C’est toujours avec une grande impatience que nous partons assister aux soirées de l’Impetus Festival, qui, à chaque édition, comble les attentes des férus de musiques divergentes et hybrides. Après une première soirée dans une Poudrière prête à exploser sous la noise de Metz, c’est au tour du Moloco de voir rouge avec le heavy metal de High on Fire et la messe noire de Zeal and Ardor.
Mais avant ces deux formations, place au groupe local Féroce qui ouvre la soirée avec son post-rock drama aux samples cinématographiques. Leur credo “personne ne chante, personne ne danse” s’applique à la fois dans la gravité avec laquelle les morceaux s’égrènent, ainsi que dans la réticence à s’emparer des micros, ne serait-ce que pour donner de la voix et présenter les titres. Parmi ceux-ci, Même de ça tu n’as pas le courage ou Je ne veux pas mourir avant d’être morte sur lequel le set se clôt.

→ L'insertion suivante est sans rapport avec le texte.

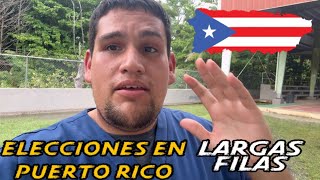 Votando en PUERTO RICO 2024 así son las elecciones 🇵🇷 [upl. by Machute288]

Clou de la soirée pour les aficionados ayant suivi l’évolution du projet, découverte incroyable pour les novices, Zeal and Ardor marque forcément les esprits sans pouvoir passer inaperçu. Pour recontextualiser le projet, on mentionnera que celui-ci démarre sur 4Chan, un forum en ligne sur lequel Manuel Gagneux, en manque d’inspiration, demande aux autres internautes de lui imposer des challenges de composition en trente minutes à partir de différents genres musicaux. Le black métal et le negro spiritual sont cités, les dés lancés, la course contre la montre entamée. Quelque temps plus tard, c’est un énorme succès et un album acclamé qui en résultent, ainsi qu’une configuration de scène puissante : Manuel Gagneux à la voix/guitare, entouré de deux choristes, un bassiste, un autre guitariste, ainsi qu’un batteur en fond de scène. Tous ont des personnalités tranchées et démarquées. Encapuchonnés pour ouvrir la célébration, les six silhouettes se montrent à visage découvert pour attaquer Come on Down et tous les titres du (trop court) album Devil is Fine, ainsi qu’un nouveau morceau plus brusque. Inutile de mentionner que le Graveddigger’s Chant prend une ampleur incroyable. Gospel pâtiné de chants grégoriens, parenthèses électroniques (l’introduction épileptique de Sacrilegium I) sciées de riffs : Zeal and Ardor nous a conviés à sa messe furieuse et orageuse.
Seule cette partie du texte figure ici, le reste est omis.